> _Directions for this task_
Shown below is a listing with pictures; reproduce exactly, and only, the lines between the ones containing "Women's Cloak /" and "FD100 Used MITSUBISHI", inclusive, leaving the pictures out.

> _Input_
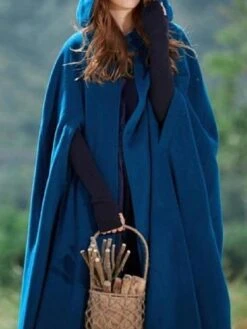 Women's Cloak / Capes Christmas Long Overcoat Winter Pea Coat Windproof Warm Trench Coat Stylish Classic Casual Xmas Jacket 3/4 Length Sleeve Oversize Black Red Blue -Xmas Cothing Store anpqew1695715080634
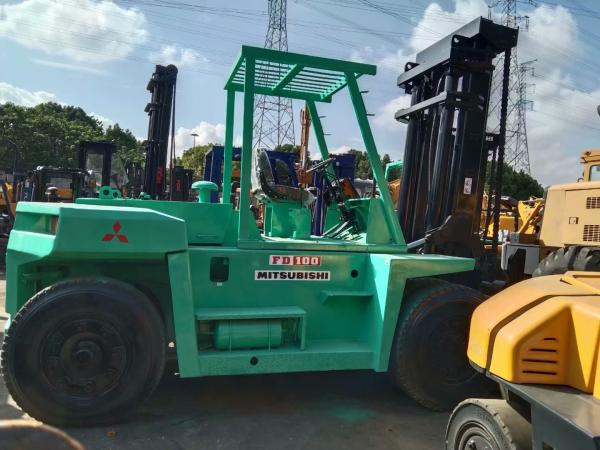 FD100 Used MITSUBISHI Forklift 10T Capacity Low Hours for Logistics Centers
...
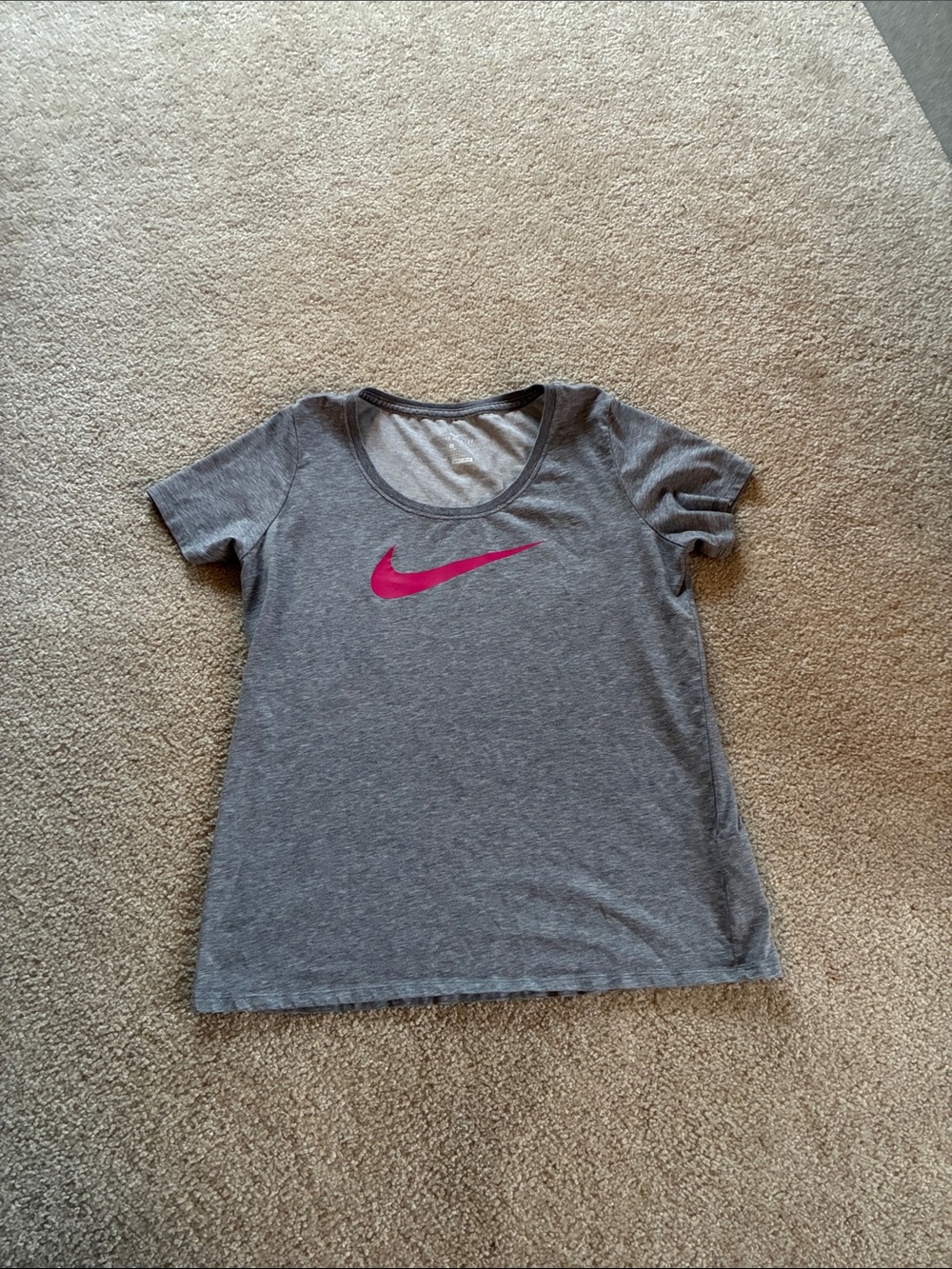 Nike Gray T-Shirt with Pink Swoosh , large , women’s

> _Answer to this task_
 Women's Cloak / Capes Christmas Long Overcoat Winter Pea Coat Windproof Warm Trench Coat Stylish Classic Casual Xmas Jacket 3/4 Length Sleeve Oversize Black Red Blue -Xmas Cothing Store anpqew1695715080634
 FD100 Used MITSUBISHI Forklift 10T Capacity Low Hours for Logistics Centers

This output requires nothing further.